Water might be called our most recycled resource. The water you showered with this morning, for example, may have contained the same water molecules that caused a dinosaur's hide to glisten in the prehistoric sun or carried the Nina, Pinta and Santa Maria across the Atlantic. The distribution of the earth's total supply of water changes in time and space, but the quantity has remained constant.

Uneven water distribution is governed by a phenomenon known as the hydrologic cycle, which is kept in motion by solar energy and gravity. A rain storm is the start of the cycle. As the rain falls to earth, some flows downhill as runoff into a stream, lake, or ocean. Some evaporates; some is taken up by plants. The rest trickles down through surface soil and rock formations, traveling through pore spaces and open cracks. This water eventually reaches the top of a water-saturated layer of soil or rock called the water table is called groundwater.

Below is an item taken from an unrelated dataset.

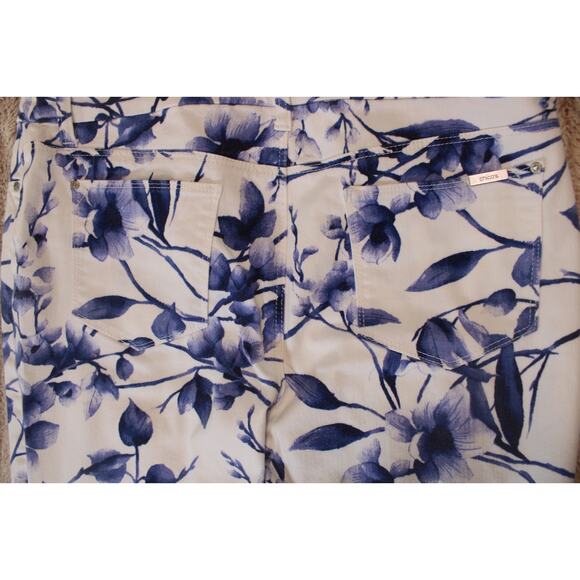 CHICOS SO SLIMMING Girlfriend Crop blue White Floral Stretch Cotton Pants 2 - Picture 14 of 14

Groundwater seeps from upland to lowland areas and is released, or discharged, in lakes, streams, and wetland-low places where the water table meets the land surface. The sum release energy, causing evaporation from surface waters. The process that returns water to the atmosphere from water and land surfaces and by the activity of living plants called evapotranspiration. When water vapor accumulates in the atmosphere and clouds begin to form, the hydrologic cycle begins.

Wisconsin receives an average of 30 to 32 inches of precipitation per year. Seventy-five percent of that precipitation evaporates or transpires through plants and never reaches surface or groundwater. The six to 10 inches that do not evaporate immediately or get used by plants run off into surface waters or soak into the ground, depending on local topography, soil, land use and vegetation.  All groundwater moves continually toward an area of discharge, but the rates of movement vary greatly.

The reason for this variability is a matter of geology. The size of the cracks in rocks, the size of the pores between soil and rock particles and weather the pores are connected contribute to the rate of movement to, through and out the saturated zone.

Water generally moves more quickly into, through and out of coarse sand, sometimes as much as several feet per day. Openings between the grains are large and interconnected, resulting in high permeability. Very fine-grained material like clay has many pores are so small that moving water through or out is difficult. Clay formations are relatively impermeable-water may move only a few inches a year. Permeability in limestone, on the other hand, primarily depends not on pores spaces but on the size, frequency and distribution of fractures and cracks.

As groundwater moves through the water cycle, it follows the slope of the water table. In Wisconsin, the natural movement is from upland recharge areas to a lowland discharge areas.